One staff member shared how her participation in Stanford’s IDEAL programs had created a new sense of belonging for her at Stanford. Levin agreed that it was important to recognize the positive work that had gone into IDEAL and the lessons that could be learned. He emphasized the university’s commitment to creating a positive culture for all of its staff members.

There were also questions and concerns about international students. Martinez underscored that the university remains committed to supporting them and encouraged staff to visit the university’s immigration webpage for resources, news, and updates.

“We are encouraged to see, and thanks to the great staff who worked on this, that almost all of our students coming in for the fall have gotten their visas,” Martinez added.

Looking back and ahead

Levin and Martinez also took time to discuss progress made on their priorities last year, which include advancing AI and data-driven discovery, encouraging civil discourse, and simplifying work processes at Stanford.

Stanford has a long history of discovery in technology and AI, and it will continue to shape the future of technology with the supercomputing cluster Marlowe, work at the Stanford Institute for Human-Centered AI, and the opening of the Computing and Data Science (CoDa) building, Levin said. Stanford is also now poised to be at the forefront of shaping the transformative effect AI will have on education.

Encouraging people to engage with one another with openness and curiosity and to grapple with disagreement is fundamental to education and research, Martinez said. While many universities have turned their attention to these issues in the last year, Stanford has been working on these issues for several years with programs such as the first-year Civic, Liberal, and Global Education (COLLEGE) requirement and the Civics Initiative. These efforts intensified this year with the launch of ePluribus and discussion opportunities such as Pizza, Politics, and Polarization.

To make the university work better for its faculty, students, and staff, the president and provost created the Simplify Stanford team, which has made progress on matters such as travel reimbursements, procurement, and research. Martinez asked staff to let their supervisor know if they have ideas for other processes that can be streamlined.

Levin and Martinez said they look forward to continuing work on these priorities and discussed other goals for the coming year, such as plans to continue expanding the undergraduate class and ensure that a Stanford education remains affordable for admitted students.

While the number of faculty and graduate students and even buildings on campus have increased in recent decades, the undergraduate class size at Stanford and its peer institutions has remained flat, Levin said. For decades, the nation’s top universities competed to admit more students, and at some point, that trend stopped and they competed to be exclusive.

“I think that was just an absolute mistake,” Levin said, emphasizing that Stanford would like to offer more students the opportunity to study at the university, an experience that can be highly impactful for students and their families.

“When we admit someone to this university, we open a door that, when they walk through it … it changes their life.
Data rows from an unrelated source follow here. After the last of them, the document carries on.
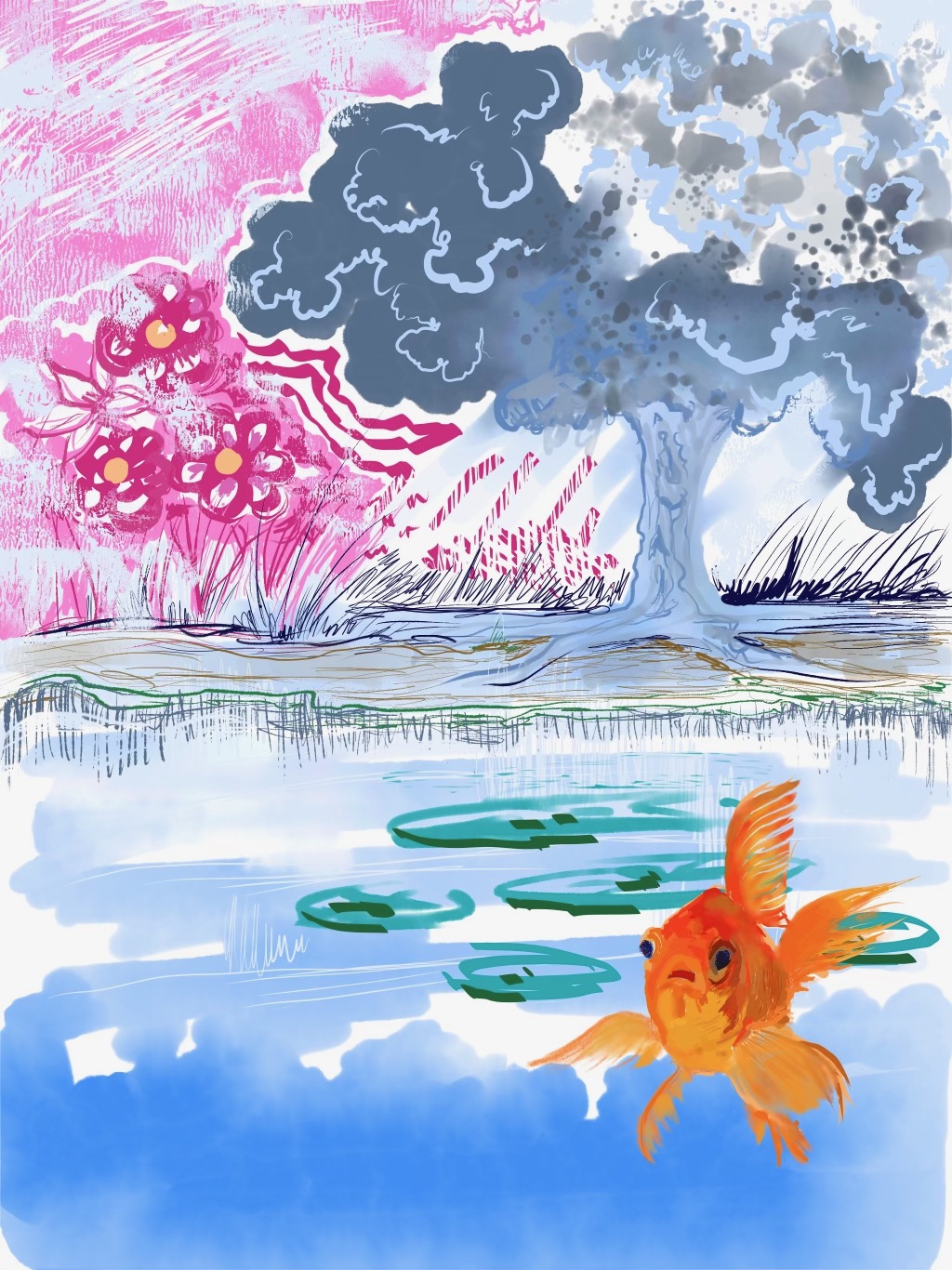 Doodle of a goldfish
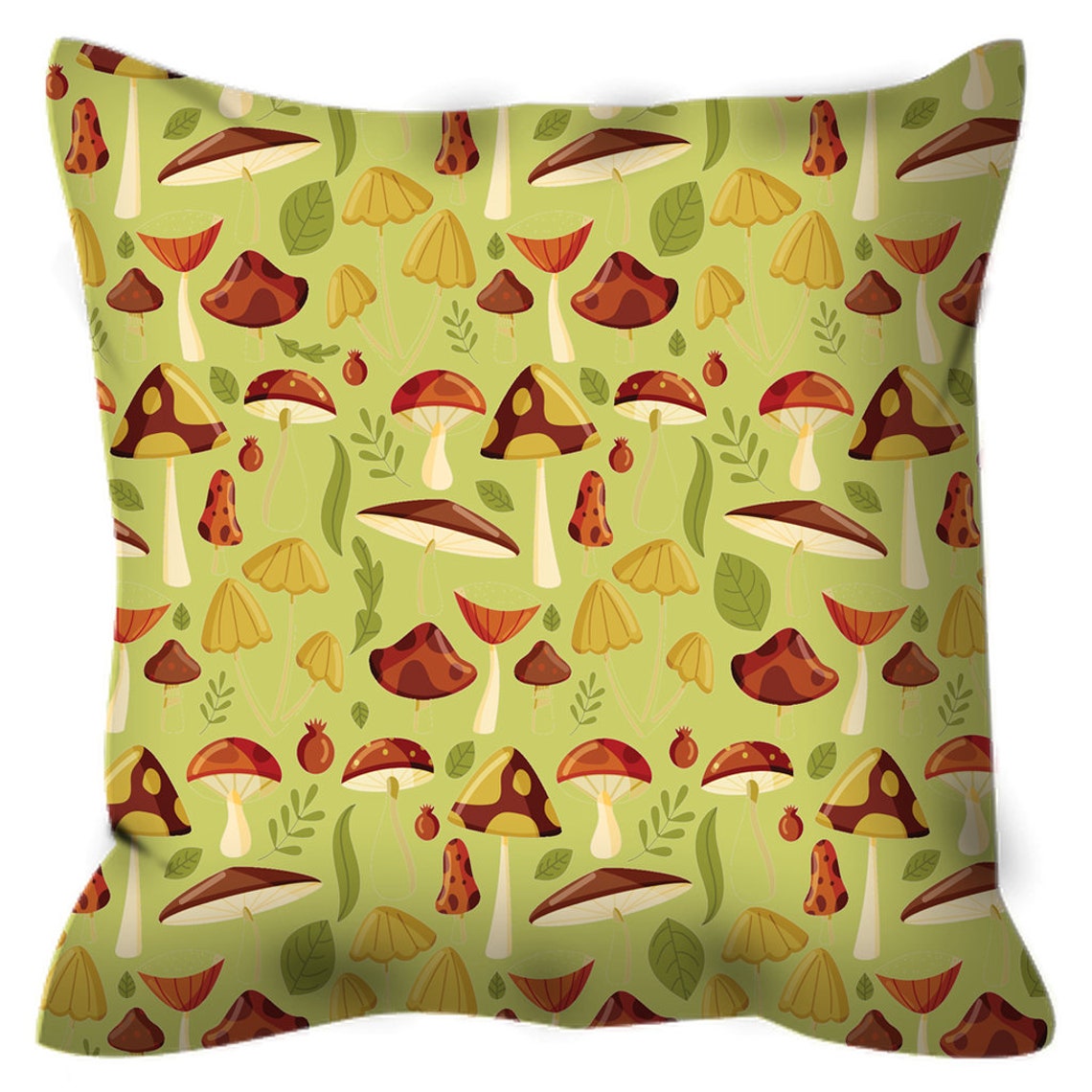 Colorful Green Mushroom Throw Pillow Waterproof Magic Etsy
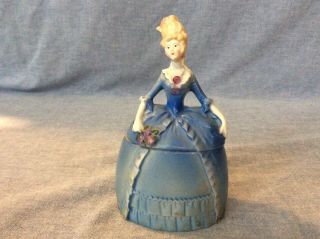 Vintage Madame Pompadour Blue Dresser Half Doll Powder Box E&r Germany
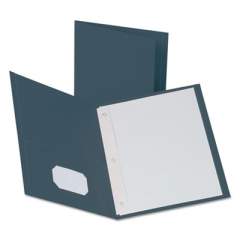 Oxford Twin-Pocket Folders with 3 Fasteners, 0.5" Capacity, 11 x 8.5, Dark Blue, 25/Box (57738)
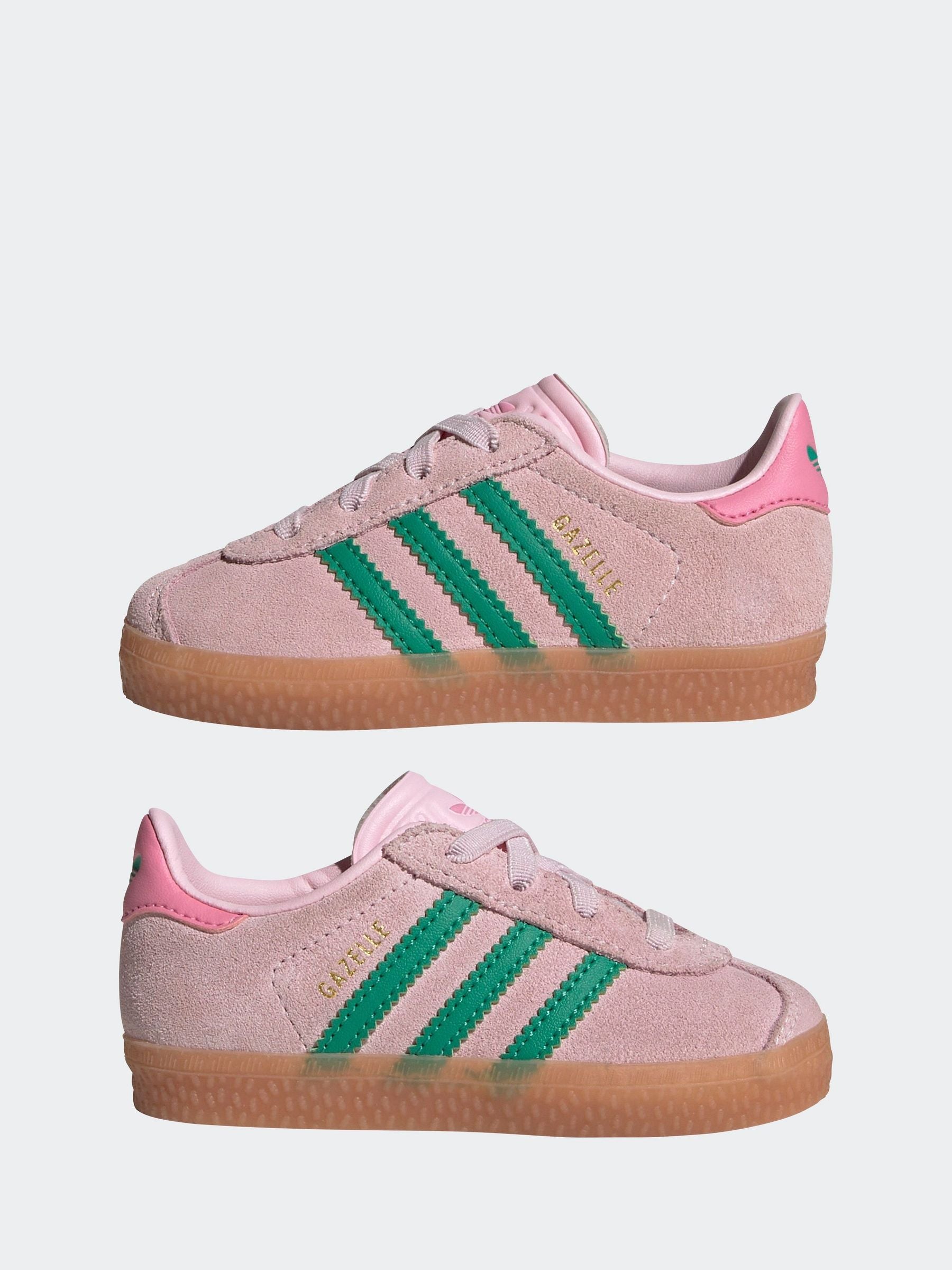 Adidas Oringnal Pink Gazelle Elastic Lace Trainers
It can change their whole family’s life,” Levin said. “We can open more doors, and we can do that, in my view, without diluting the experience of being a Stanford student.”

The president and provost said they also look forward to more opportunities to meet and talk with staff in the coming year.
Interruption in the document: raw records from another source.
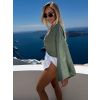 Khaki mušelínový krátký crop top OPTIRA s dlouhým rukávem (Veľkosť ONESIZE)
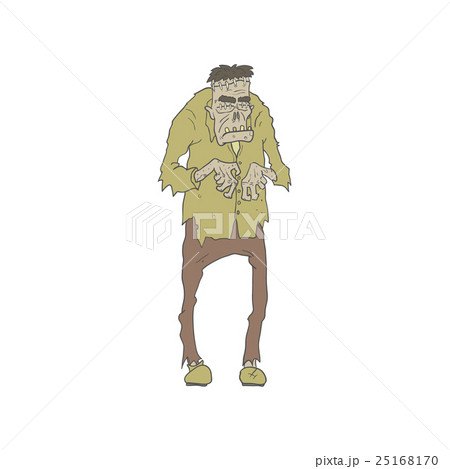 Creepy Zombie With Stitched Eyes Outlined Drawing 25168170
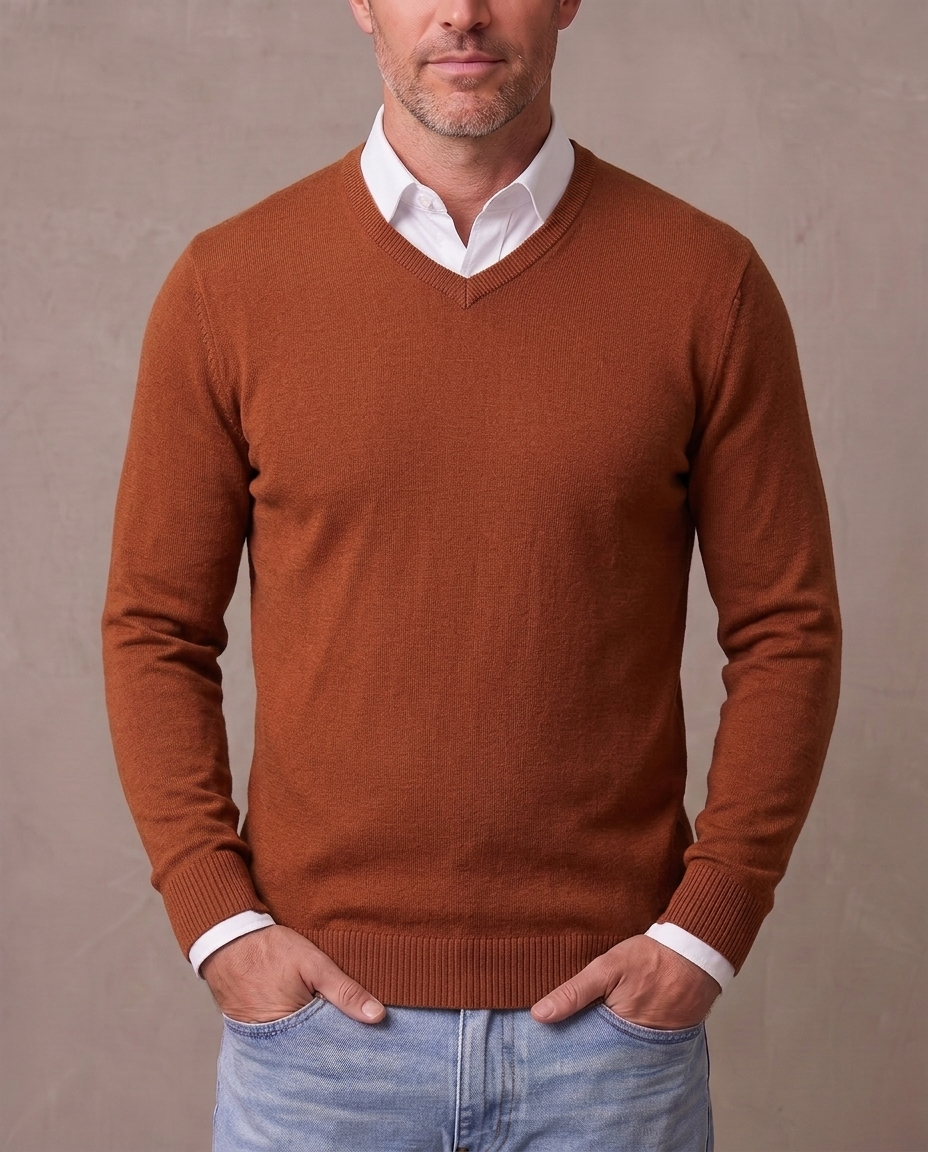 Jersey de cuello de pico Andrés - Teja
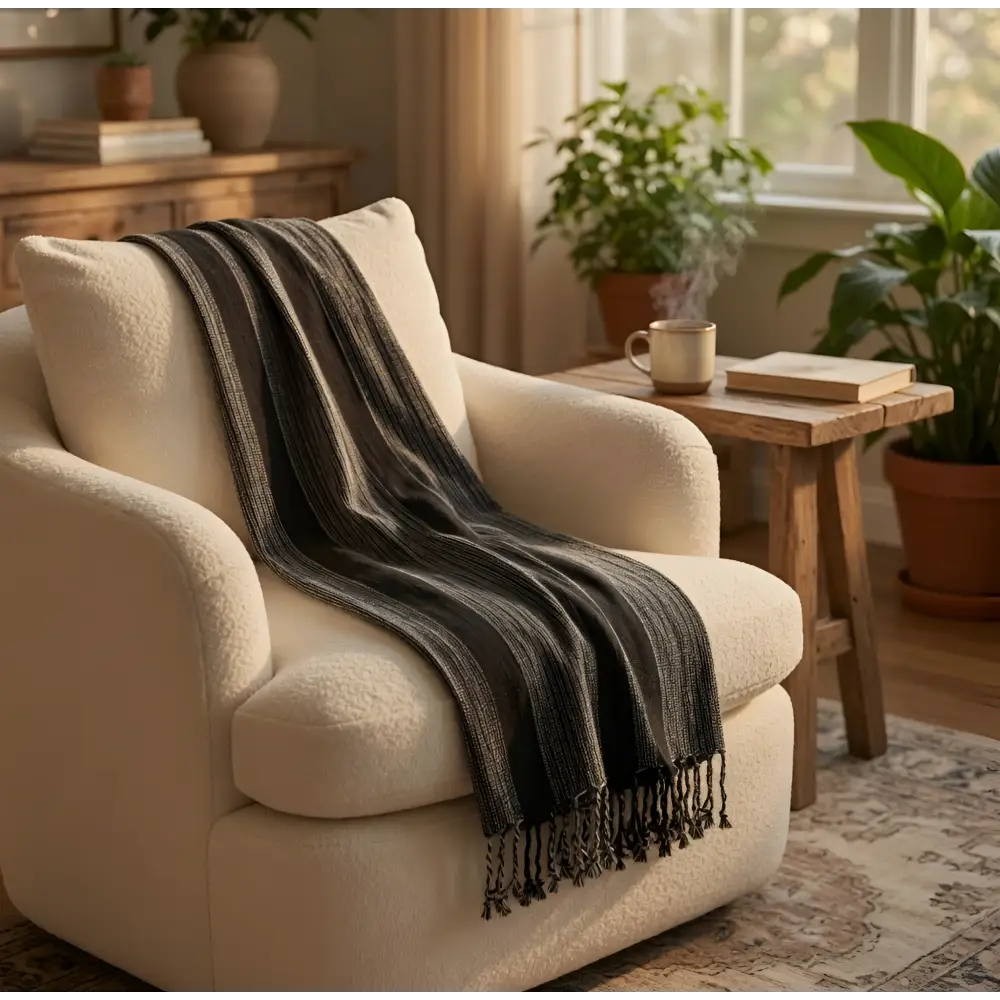 Cream-colored plush armchair draped with bold stripes turkish towels dark gray handwoven striped towel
“Everywhere you go on this campus, there is something that is incredible,” Levin said. “A privilege of being in this role is we get to see so much of that.”
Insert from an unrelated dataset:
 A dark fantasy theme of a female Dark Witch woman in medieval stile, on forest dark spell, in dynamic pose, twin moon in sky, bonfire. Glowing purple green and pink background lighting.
Levin ended by noting that he is optimistic about the future, in part because the university’s academic year provides a natural cycle of renewal.

Universities “have a very important role in the world that’s distinctive from other places, as the home of ideas, of learning, curiosity, and discovery, and we have a responsibility to sustain that over time,” Levin said. “… Every year, we send off people out into the world, and they go off and hopefully do good and make us proud, and then we renew ourselves in the fall. Right now, this is the month of renewal for us when we bring students in.”